Reports Show Weak Progress on Economic Reform in Pakistan

Posted on the 05 October 2015 by Center For International Private Enterprise @CIPEglobal

The World Economic Forum lists a weakening judiciary as one of the issues holding back economic reform in Pakistan. (Photo: Pakistan Today)

In Pakistan, the process of economic reforms has been painfully slow – a fact underlined by stalled or slipping progress on several international indices. On the World Bank’s 2015 Doing Business, Pakistan fell from 107th out of 185 countries to 128th. The World Economic Forum’s Global Competitiveness Index brought Pakistan down to 129th in 2014-15 from 124th in 2012-13. And the Fraser’s Institute report kept Pakistan at 124th out of 167 countries — the same spot it earned in 2013.

The World Economic Forum published its Global Competitiveness report this week, showing similarly weak progress. Three large South Asia Countries were ranked – India at 55th, Bangladesh at 107th and Pakistan at 126th. As compared to the last report, India jumped 16 places, Bangladesh by 5 and Pakistan slipped by one.

The report suggests that corruption, which is rampant in the whole of South Asia, is still the most challenging factor hampering business competitiveness in Pakistan.

On a more positive note, Pakistan received the highest ranking in the quality of higher education. In this category, the country sprinted 56 points to reach at 75th position, up from 131st. The government was also able to control the budget deficit as an overall percentage of the economy, hence and improvement of 28 spots in that area.

However, on the negative side, the World Economic Forum found a weaker judiciary and lack of transparency in government decision-making. Similarly, due to poor tax collection, performance of the Federal Board of Revenue declined. The report also indicates that customs procedures have become more burdensome, dropping Pakistan’s ranking in this category to 111th this year as compared to 87th in 2014.

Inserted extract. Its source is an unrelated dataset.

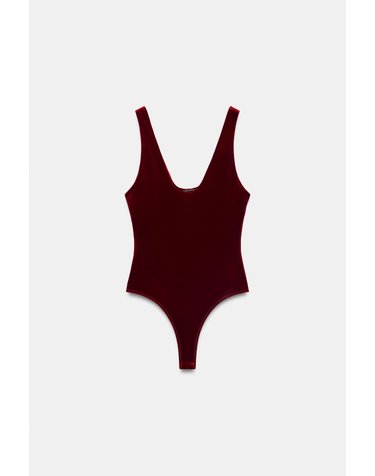 자라 벨벳 민소매 바디수트 5070/460/641 DARK RED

The government of Pakistan is constantly suggesting that their reforms are focused on improving the business climate in Pakistan. However, the WEF report highlighted corruption, tax rates, inflation, access to financing, and insufficient government bureaucracy as the five most problematic factors for doing business in Pakistan.

The Fitch report also suggests that a weak stance on economic reform is a part of the problem. The report states, “Pakistan’s B ratings balance the country’s underdevelopment, political instability, weak public finances and history of macroeconomic volatility against the stabilization and progress on reforms achieved under the country’s latest International Monetary Fund (IMF) program.”

CIPE partner PRIME, a market economy think tank based in Islamabad, is monitoring the government’s implementation of its own economic manifesto. PRIME states, “All these reports give a thumbs down to Pakistan’s economic managers. For them, the country’s economy is not competitive, is largely in the clutches of the government which itself is not ready to reform the way it governs. What is worse, these reports are indicating a decline over 2013-2015.”

PRIME has provided policy recommendations to the government, the main being the need to set priorities and fulfill them. “Pakistan’s federal economic governance is distributed across 10 ministries. These include Ministries of Finance, Planning, Commerce, Industries, Textiles, Communication, Railways, Information Technology, Petroleum & Natural Resources, and Water and Power, and these ministries must deliberate on these reforms by drawing a clear roadmap for economic reforms in Pakistan.”

Hammad Siddiqui is Deputy Country Director for CIPE Pakistan.